Soave was infinitely more loyal to the Mafia than he was to Des. There was no doubt in her mind that he believed she’d been handed her lieutenancy strictly because of her color and gender and pull. That he felt he’d deserved it more than she did. And that he would seize any opportunity he could to cut her long, fine legs out from under her. Anything negative about her that came along, Soave passed directly on to his big brother Angelo. Any slip. Any stumble. Anything. She could not trust the little twerp. But she could not get him reassigned either-not without just cause. Otherwise, it would go down on her record that she couldn’t get along with male subordinates. So she put up with him.

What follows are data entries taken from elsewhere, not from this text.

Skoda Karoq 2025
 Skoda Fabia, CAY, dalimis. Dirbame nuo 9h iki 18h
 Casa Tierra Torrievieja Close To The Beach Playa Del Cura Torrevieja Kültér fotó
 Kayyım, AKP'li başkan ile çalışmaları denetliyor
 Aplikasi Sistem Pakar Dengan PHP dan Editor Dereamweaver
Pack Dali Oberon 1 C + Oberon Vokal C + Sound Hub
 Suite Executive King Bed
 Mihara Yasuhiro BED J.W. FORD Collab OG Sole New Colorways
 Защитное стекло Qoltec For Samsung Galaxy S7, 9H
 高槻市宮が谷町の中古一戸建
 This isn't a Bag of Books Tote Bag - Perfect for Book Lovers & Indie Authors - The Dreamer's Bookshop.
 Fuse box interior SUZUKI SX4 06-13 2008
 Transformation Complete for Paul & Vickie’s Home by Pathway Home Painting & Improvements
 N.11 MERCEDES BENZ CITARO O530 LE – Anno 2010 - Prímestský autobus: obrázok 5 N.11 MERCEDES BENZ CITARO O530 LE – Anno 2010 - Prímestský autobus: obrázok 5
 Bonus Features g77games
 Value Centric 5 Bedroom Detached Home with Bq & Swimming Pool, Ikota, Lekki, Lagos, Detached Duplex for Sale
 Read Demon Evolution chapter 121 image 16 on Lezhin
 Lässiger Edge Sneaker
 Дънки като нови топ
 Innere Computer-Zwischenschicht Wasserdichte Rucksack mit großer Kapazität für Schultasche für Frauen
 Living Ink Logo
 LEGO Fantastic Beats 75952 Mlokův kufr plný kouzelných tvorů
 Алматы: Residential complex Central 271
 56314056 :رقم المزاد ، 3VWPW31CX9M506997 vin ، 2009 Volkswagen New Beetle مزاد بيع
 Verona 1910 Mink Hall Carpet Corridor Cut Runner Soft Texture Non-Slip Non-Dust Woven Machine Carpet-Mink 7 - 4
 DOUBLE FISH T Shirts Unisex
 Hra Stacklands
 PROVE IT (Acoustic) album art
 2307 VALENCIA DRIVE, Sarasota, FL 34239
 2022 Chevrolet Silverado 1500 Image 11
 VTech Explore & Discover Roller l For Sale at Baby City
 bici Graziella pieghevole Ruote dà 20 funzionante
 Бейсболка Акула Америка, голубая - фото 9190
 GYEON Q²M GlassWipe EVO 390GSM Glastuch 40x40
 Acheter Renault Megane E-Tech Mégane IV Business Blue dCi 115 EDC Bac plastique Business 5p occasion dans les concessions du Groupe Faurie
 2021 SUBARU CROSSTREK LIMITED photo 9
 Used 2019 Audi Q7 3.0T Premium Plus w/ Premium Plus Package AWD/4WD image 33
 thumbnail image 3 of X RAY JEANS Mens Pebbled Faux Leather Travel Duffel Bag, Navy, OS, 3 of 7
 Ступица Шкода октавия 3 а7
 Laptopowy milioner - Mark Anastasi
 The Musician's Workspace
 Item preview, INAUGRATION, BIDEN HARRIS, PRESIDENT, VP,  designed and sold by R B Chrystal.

She put up with all of them. In many ways, they were just like a gang of little boys who had their own secret club, their own secret handshake and their own fort. And she, Des, was a g-i-r-l. But she could handle it. She did handle it-by routinely outperforming them. She’d cut her teeth on rape cases and bombings when she first joined the squad, but now her caseload consisted mostly of homicides. Homicides were her bread and butter. Captain Polito may not have been in her corner, but he was not an idiot. Every district commander was under constant pressure from Hartford to produce. And that’s what Des did. She produced.